The latest release of UK labour market statistics again shows impressive headline numbers. The employment rate is the highest since comparable records began in the early 1970s, and the unemployment rate remains down at the low levels we saw in the years leading up to the financial crisis. But if we are looking for indications of how the economic recovery is progressing, or how government policy is changing the jobs market, these headline figures tell only a small part of the story. And while the published statistics below the headline numbers do offer plenty of additional insight – such as how pay growth is performing – there is much more we could be told. This blog uses the economically inactive and the underemployed as examples of how the publication of more granular data could improve our understanding of the labour market and the impact of policy.

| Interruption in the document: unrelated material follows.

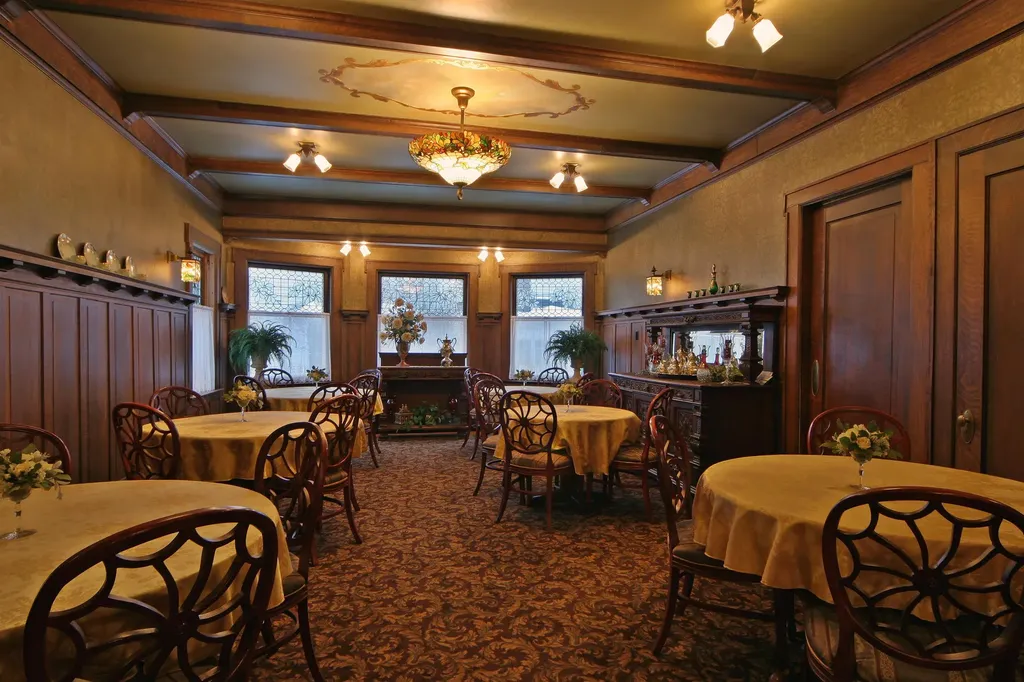 230 Wellington Traverse City City MI 49686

There are 8.9 million people in the UK classed as inactive – these are people between the ages of 16 and 64 without a job, who have not been recently looking for work, or who are not available to start work in the near future. Around half of them are either students or those that are looking after the family or home; around a quarter more are long-term sick, and around one in eight are retired (although, recent increases in the state pension age for women mean that the proportion of total inactive people that are retirees has been falling).
Despite telling some kind of story, these categorisations are still relatively superficial. For instance, that somebody is looking after the family or home gives little indication of what their motivation is to do so. By extension, we do not know how far these people are from the labour market, or what would incentivise them to move closer to it (if anything). To look at this another way, we do know that 6.63 million of the inactive, around three quarters of them, tell us that they do not want a job. While it may be obvious why some of these people would rather not work – a lot of students, for example, want to concentrate on their studies – in many cases we have no idea. And we do not know any more about the 2.25 million inactive people who tell us they do want a job. Just over a third of these are temporary or long-term sick, and just over a quarter are looking after the family or home.

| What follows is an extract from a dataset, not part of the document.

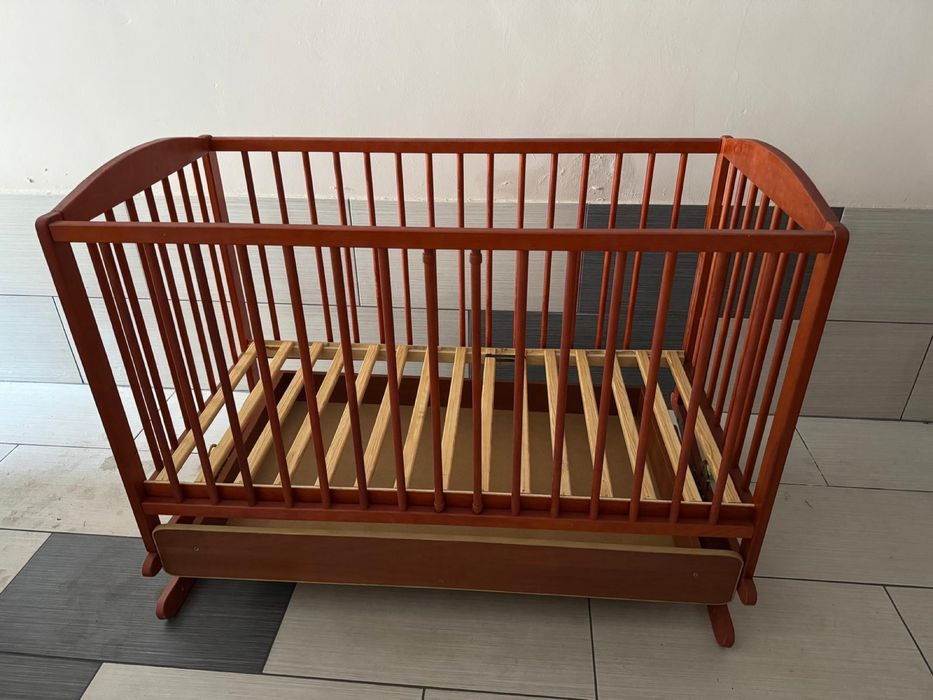 Łóżeczko w funkcją bujania i szufladą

The suite of labour market policies announced since the General Election – whether that be benefit changes, increased childcare provision, the National Living Wage, or alterations to employment support – means some people in any of these inactive categories may change their behaviour and approach to work. Being able to understand as much as possible why they have done so will help inform the debate about future policy design.

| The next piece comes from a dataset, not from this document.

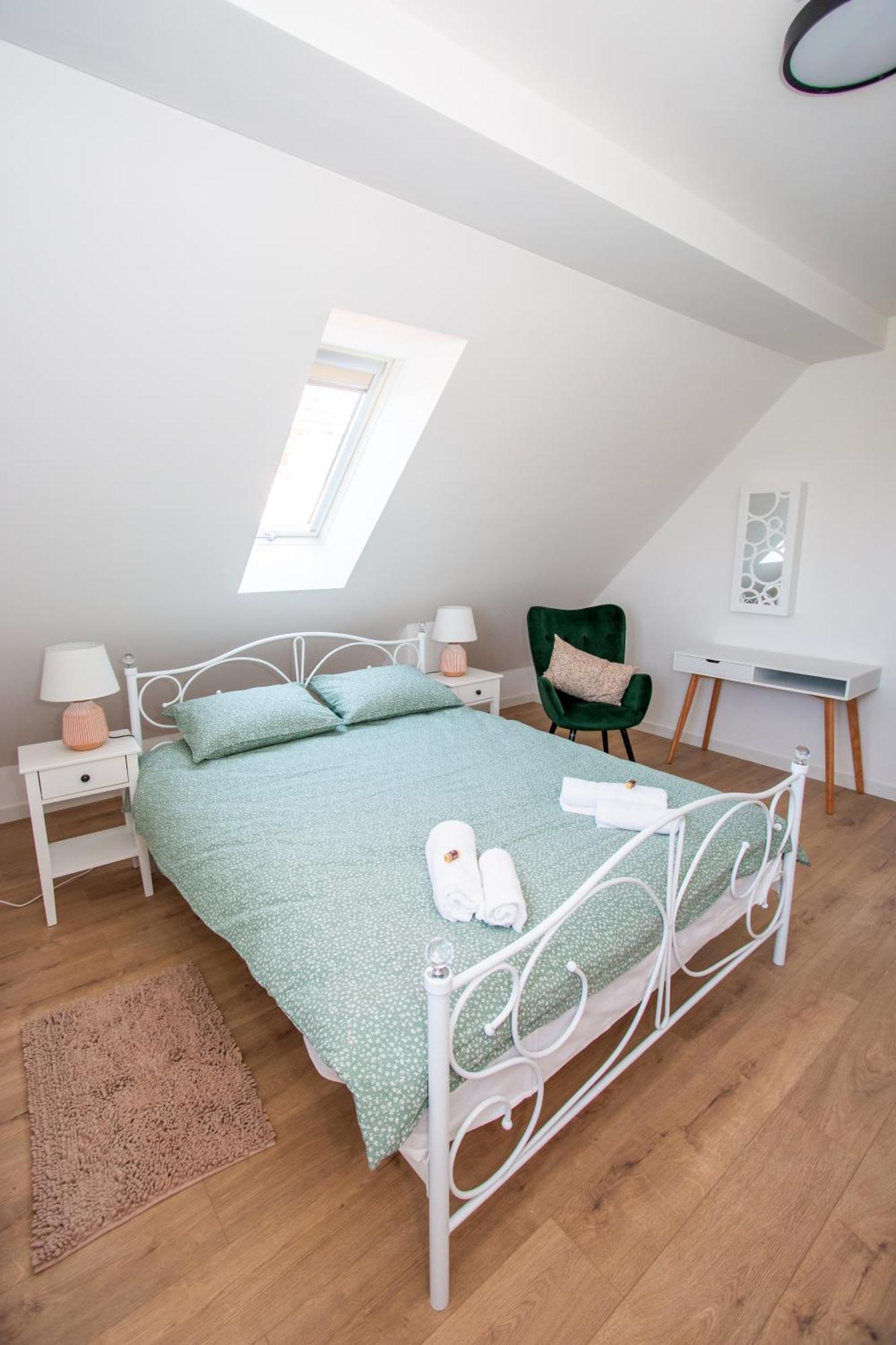 Apartmani Kac Карловац Экстерьер фото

As much as for the not-in-work economically inactive, the same principle applies to the in-work underemployed. Almost 8.5 million people work part-time, and 14.9% of them are doing so because they could not find a full-time job. This proportion has fallen from 17.9% over the last two years, giving a clear indication of an improving jobs market. But there is still a long way to go before this indicator gets back down to pre-recession levels – in 2008 less than 10% of part-time workers could not find a full-time job. The same pattern applies to those people working on temporary contracts but that would like a permanent contract. Again, this tells part of the story, but we do not know how long these people have been working part-time but wanting full-time jobs, or how long they have been on temporary contracts wanting something permanent.
It would clearly be impossible for the Office for National Statistics to publish every possible cross-sectional breakdown of its monthly labour market data, but there is some granularity that may be more worthwhile than others. One example would be the greater use of age categorisations. Policymakers care about the prospects of the young and their engagement – or lack of – with the world of work. They care about how people who are approaching retirement can bridge the gap between full-time employment and their reliance on their pension income. And they care about the people in between, who may be receiving state income top-ups if they are in a low-paid job.
On this basis, the Office for National Statistics should consider routinely publishing age breakdowns of more labour market indicators than they currently do. We get the patterns of employment, unemployment and inactivity broken down by age range, but we could usefully get more. For example, getting monthly updates on the numbers of economically inactive by age and by reason would aid understanding of trends in the labour market and could influence policy thinking.
Monthly labour market statistical releases will never be able to tell us the whole story, but they could tell us more of it than they do now.